Stored items
%%
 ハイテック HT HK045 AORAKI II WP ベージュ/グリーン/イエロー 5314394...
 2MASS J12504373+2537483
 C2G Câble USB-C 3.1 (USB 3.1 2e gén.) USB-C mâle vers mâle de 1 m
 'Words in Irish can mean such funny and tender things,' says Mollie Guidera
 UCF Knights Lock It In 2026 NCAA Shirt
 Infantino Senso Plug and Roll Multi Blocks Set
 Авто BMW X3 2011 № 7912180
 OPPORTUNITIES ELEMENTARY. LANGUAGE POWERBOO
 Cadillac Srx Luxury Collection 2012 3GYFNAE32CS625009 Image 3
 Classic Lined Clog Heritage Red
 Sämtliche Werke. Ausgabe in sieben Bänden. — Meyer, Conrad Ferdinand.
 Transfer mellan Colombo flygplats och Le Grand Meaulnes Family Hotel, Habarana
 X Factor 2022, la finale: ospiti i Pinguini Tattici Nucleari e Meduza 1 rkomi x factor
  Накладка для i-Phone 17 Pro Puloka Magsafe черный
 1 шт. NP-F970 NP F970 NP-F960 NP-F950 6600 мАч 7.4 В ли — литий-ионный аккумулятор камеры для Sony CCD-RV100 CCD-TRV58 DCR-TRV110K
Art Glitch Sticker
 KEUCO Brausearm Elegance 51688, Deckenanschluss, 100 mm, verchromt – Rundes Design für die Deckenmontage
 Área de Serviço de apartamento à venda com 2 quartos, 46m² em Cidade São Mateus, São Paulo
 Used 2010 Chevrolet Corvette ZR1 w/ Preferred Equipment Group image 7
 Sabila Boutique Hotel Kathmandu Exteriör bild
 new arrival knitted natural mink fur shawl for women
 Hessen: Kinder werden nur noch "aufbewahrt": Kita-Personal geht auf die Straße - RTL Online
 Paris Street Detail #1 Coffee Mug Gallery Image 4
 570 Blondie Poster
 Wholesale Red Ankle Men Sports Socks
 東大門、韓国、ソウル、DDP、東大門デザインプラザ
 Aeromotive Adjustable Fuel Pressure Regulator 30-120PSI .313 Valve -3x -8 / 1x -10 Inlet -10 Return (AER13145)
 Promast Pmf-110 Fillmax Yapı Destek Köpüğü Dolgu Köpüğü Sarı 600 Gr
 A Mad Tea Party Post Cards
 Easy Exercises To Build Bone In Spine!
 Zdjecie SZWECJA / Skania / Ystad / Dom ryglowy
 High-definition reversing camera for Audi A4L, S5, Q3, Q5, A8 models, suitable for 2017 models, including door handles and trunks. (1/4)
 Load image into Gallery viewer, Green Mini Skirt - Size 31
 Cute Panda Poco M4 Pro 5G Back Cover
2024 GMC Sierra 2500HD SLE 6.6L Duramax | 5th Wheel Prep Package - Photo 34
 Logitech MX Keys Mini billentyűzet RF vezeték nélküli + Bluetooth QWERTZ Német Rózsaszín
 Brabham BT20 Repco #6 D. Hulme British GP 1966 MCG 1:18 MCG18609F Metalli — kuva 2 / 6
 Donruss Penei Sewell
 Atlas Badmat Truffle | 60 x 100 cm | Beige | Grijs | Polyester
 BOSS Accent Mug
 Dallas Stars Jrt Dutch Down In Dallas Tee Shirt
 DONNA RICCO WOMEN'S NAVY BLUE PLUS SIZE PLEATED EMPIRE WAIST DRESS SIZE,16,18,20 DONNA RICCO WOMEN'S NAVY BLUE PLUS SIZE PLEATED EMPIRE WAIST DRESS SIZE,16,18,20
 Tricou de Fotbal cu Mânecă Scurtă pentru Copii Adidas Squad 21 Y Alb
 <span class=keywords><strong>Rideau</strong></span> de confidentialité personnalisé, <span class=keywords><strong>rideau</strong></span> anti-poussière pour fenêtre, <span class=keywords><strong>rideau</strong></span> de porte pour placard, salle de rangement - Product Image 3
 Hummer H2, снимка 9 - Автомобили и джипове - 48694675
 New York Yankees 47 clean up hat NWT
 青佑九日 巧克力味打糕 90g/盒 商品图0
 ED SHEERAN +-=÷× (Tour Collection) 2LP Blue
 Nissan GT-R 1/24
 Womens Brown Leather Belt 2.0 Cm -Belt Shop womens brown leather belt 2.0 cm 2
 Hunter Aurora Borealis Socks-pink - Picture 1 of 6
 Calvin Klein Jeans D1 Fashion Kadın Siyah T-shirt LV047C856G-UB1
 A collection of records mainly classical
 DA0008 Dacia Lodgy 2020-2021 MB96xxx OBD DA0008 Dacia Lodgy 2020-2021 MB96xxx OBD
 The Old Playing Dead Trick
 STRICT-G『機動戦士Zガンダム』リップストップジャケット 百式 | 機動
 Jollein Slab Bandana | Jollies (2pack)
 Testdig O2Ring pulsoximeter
%%
◆ **WORK INSTRUCTION**
Scan the data above; copy every line where "Socks" appears.

◆ **EXPECTED ANSWER**
 Wholesale Red Ankle Men Sports Socks
 Hunter Aurora Borealis Socks-pink - Picture 1 of 6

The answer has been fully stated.